Pada tanggal 24 September, Bunga sempat menyantap dua porsi MBG karena temannya enggan memakannya. Ia pun pulang ke rumah pukul 14.00. Saat ditanya keluarga apa yang dirasakan usai santap MBG, ia mengeluh sedikit pusing.
JPPI Sebut Perlu Investigasi Menyeluruh
Terkait kejadian ini, Jaringan Pemantau Pendidikan Indonesia (JPPI) turut berbela sungkawa atas meninggalnya siswi SMK Negeri 1 Cihampelas.
JPPI menilai kasus kematian siswi di KBB yang terjadi pasca gelombang keracunan massal program MBG ini tidak boleh dianggap remeh, apalagi ditutup-tutupi.
“Meskipun Dinas Kesehatan setempat buru-buru menyatakan kematian tersebut ‘bukan akibat MBG’, JPPI menegaskan bahwa investigasi menyeluruh, transparan, dan independen wajib dilakukan. Hal ini penting agar publik tidak terjebak pada narasi pengaburan fakta,” kata Koordinator Nasional JPPI Ubaid Matraji, dalam keterangan pers dikutip Kamis (2/10/2025).
Lebih lanjut, Ubaid mengatakan kasus ini harus diinvestigasi secara transparan dan melibatkan publik.
"Jika tidak ada tim independen yang melakukan investigasi, dikhawatirkan berpotensi melahirkan spekulasi liar sekaligus melemahkan kepercayaan publik terhadap program MBG,” ujar Ubaid.
Atas kejadian ini, JPPI menuntut:
- BGN harus membentuk tim investigasi independen melibatkan ahli forensik, lembaga kesehatan, dan masyarakat sipil, serta hasil investigasi diumumkan secara terbuka kepada publik.
- Presiden Prabowo Subianto diminta tidak lagi meremehkan kasus MBG sebagai sekadar persentase kecil, karena ini menyangkut nyawa anak bahkan kini sudah ada dugaan korban jiwa.
- Jika terbukti ada kaitan MBG dengan kematian maupun keracunan massal, maka Presiden dan BGN wajib bertanggung jawab dan tutup semua Satuan Pelayanan Pemenuhan Gizi (SPPG) sekarang juga, tanpa terkecuali.

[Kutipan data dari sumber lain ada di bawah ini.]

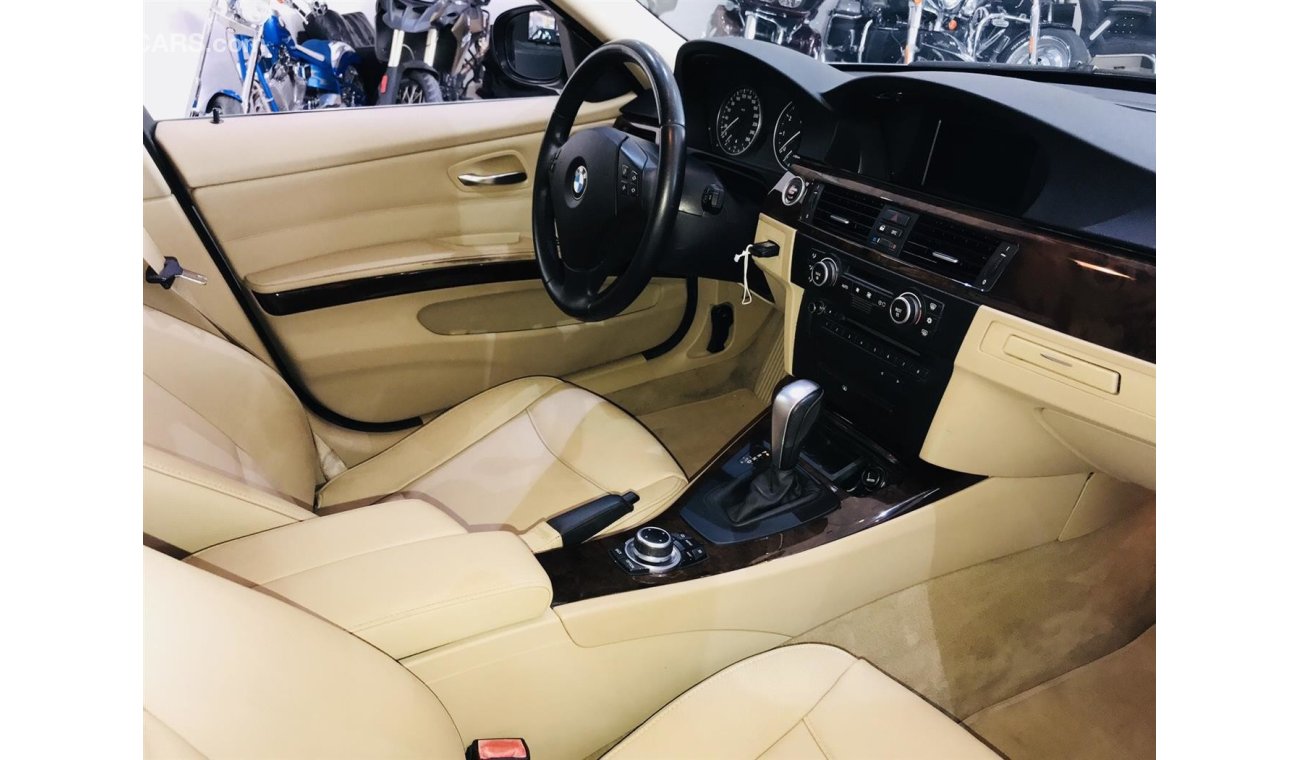 بي أم دبليو 325 - 2009 - GCC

“Kematian seorang siswa di tengah tragedi keracunan MBG adalah alarm keras bagi bangsa ini. Jangan buru-buru menyatakan ‘bukan karena MBG’ sebelum ada bukti ilmiah yang transparan. Publik berhak tahu kebenarannya, Presiden dan BGN wajib bertanggung jawab penuh,” tutup Ubaid.